[Fedora-packaging] PHP packaging policy notes

Christopher Stone chris.stone at gmail.com
Thu Jul 6 20:42:21 UTC 2006


On 7/6/06, Toshio Kuratomi <toshio at tiki-lounge.com> wrote:
> On Wed, 2006-07-05 at 23:58 -0700, Christopher Stone wrote:
> > On 7/5/06, Enrico Scholz <enrico.scholz at informatik.tu-chemnitz.de> wrote:
> > > Again: rpm does not allow to require a certain program (PHP) version;
> > > you can require a certain package version only.
> > >
> > > And btw; packaging guidelines are handling this case already:
> > >
> > >   | First, if the lowest possible requirement is so old that nobody has a
> > >   | version older than that installed on any target distribution release,
> > >   | there's no need to include the version in the dependency at all.
> > >   | ...
> > >   | As a rule of thumb, if the version is not required, don't add it just
> > >   | for fun.
> > >     [http://fedoraproject.org/wiki/Packaging/Guidelines]
> > >
> > >
> > > > Please do not ask me to lower the quality standards that pear packages
> > > > expect by not providing this information in my spec files.
> > >
> > > You are not lowering quality standards when unneeded and non-working
> > > things like "Requires: php >= 4.2" will be omitted.
> >
> > Unneeded? by whom? Fedora's rpm? other package maintainers for other
> > distributions?  Some poor sap who built his OS from scratch who is
> > trying to determine what he needs installed for your package?  Somone
> > who only wants to upgrade your package and not their whole system?
> >
> > Oh I forgot, version dependencies dont work on Fedora (LOL).
> >
> No.  Version dependencies don't work as you're expecting in current rpm.
>
> > We are not adding this information because it's fun, and we are not
> > adding requirements for packages that are so old nobody will have them
> > installed.
> >
> You are adding requirements for package versions which are not relevant
> for Fedora, which is what the guidelines are saying should be avoided.

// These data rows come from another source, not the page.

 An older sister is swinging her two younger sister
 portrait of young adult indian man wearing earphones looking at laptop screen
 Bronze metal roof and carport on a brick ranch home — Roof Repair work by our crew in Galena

How is it not relevant?  If I use FC4 and a pear pacakge I want is on
FC5, should not installing the FC5 package do some version checking or
are we to assume that every fedora user is using only packages from
their distro release?


>
> > Can we please close this silly discussion or does anyone here actually
> > agree with Enrico?
>
> Enrico has the following points:
> 1) rpm's handling of Epochs means that versioned dependencies reference
> package versions, not upstream versions.  Because of this, including the
> version in the rpm when it is unnecessary for all the distributions we
> are supporting is misleading and potentially hurts packagers on other
> distributions.

Yes, but there are no php-pear packages that use epochs and very
likely that none ever will.   Yes, there is a 0.0000000001% chance
that some php-pear package might one day use an epoch.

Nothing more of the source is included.